By: Dubem M.
“The poetry of earth is ceasing never” – On the Grasshopper and the Cricket , John Keats
I have lived upon this island’s cliff for many years. I see the volcanoes and I see the tide wash upon the beach, guiding miniscule animals on and offshore. I see the forest bloom and I see its flowers wither, highlighting the cyclic nature of the island. I see this ecosystem’s life like clockwork in a watch as the small thrush busies itself, making a home ready for a new season of life. It repeats. As this small paradise meets its hurdles, it never ceases to respond with equal vigour. But even the most vigorous of islands meets a challenge with eruptions.
I watched as waves of molten flame licked and burned the forest down to cinders. The conflagration torn through the lush trees like a bullet, annihilating all in its path. Through pandemonium and loss, the forest experienced a metamorphosis of the gravest extent. The once fruitful orchards and bushes had been reduced to steaming and powdery ash. Individual embers still glowed in the grey field like holes indicating what had been just before, what had occurred, what had razed these once thriving plains to nothing but soot and grit.
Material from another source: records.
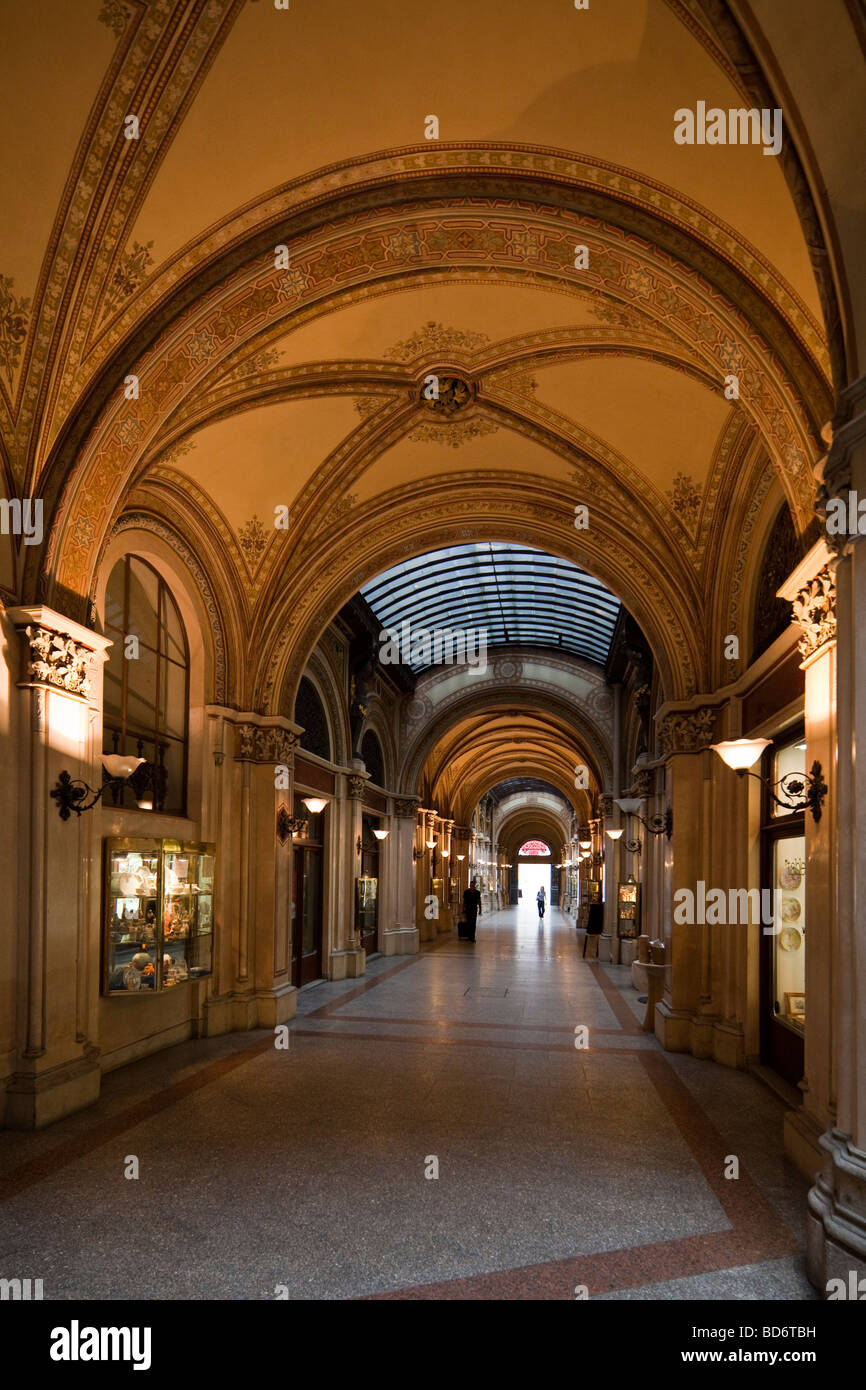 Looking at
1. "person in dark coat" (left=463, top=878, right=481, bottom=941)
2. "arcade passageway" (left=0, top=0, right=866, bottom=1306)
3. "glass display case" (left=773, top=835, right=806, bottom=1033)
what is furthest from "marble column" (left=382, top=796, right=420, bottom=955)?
"glass display case" (left=773, top=835, right=806, bottom=1033)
But the bleak terrain does not stay stagnant in dour grey for long. Seeds of iris and mule ear are awoken by the fire’s warmth and are enriched by the ashes’ nutrients. They mark the revolution into a new period of life for the island. Vegetation returns stronger than ever. Brought by the high tide that mixes the rich soil with the old used earth beneath. As ferns and other shrubbery emerge, the island heals itself and the mars and scars of the flames are lost among the fields of a new yield from a new day. And if you look closely, as the trees stretch their branches, reaching their hands upwards in warm rejoice, you may catch the song of a lowly cricket or glimpse as a small thrush busies itself, making a home ready for the new season of life.